**What this task involves:**
What should be copied is the stretch of entries below from the line with "Vliegend blaadje : nieuws- en" up to and including the line with "server purple shadow", exactly and without images.

**Dataset:**
● ● ● ● ● ● ●

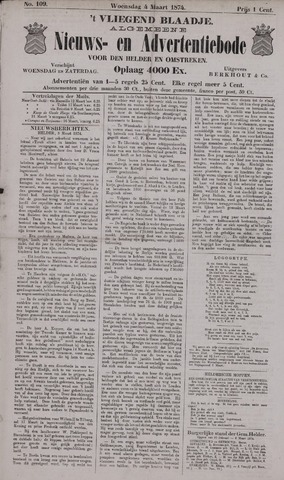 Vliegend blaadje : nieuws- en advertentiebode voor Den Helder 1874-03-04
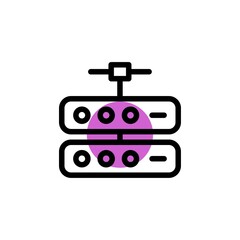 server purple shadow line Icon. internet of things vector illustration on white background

● ● ● ● ● ● ●

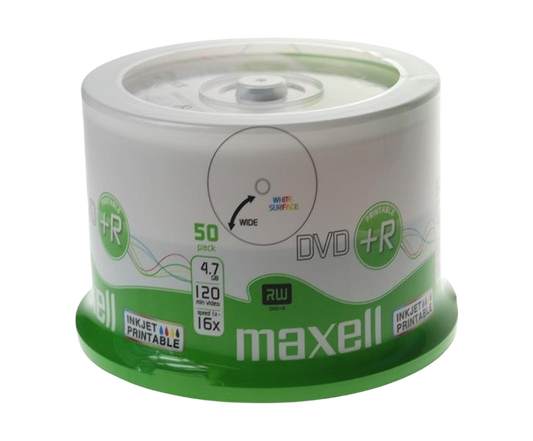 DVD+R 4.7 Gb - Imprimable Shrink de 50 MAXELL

● ● ● ● ● ● ●

**Response to the exercise:**
 Vliegend blaadje : nieuws- en advertentiebode voor Den Helder 1874-03-04
 server purple shadow line Icon. internet of things vector illustration on white background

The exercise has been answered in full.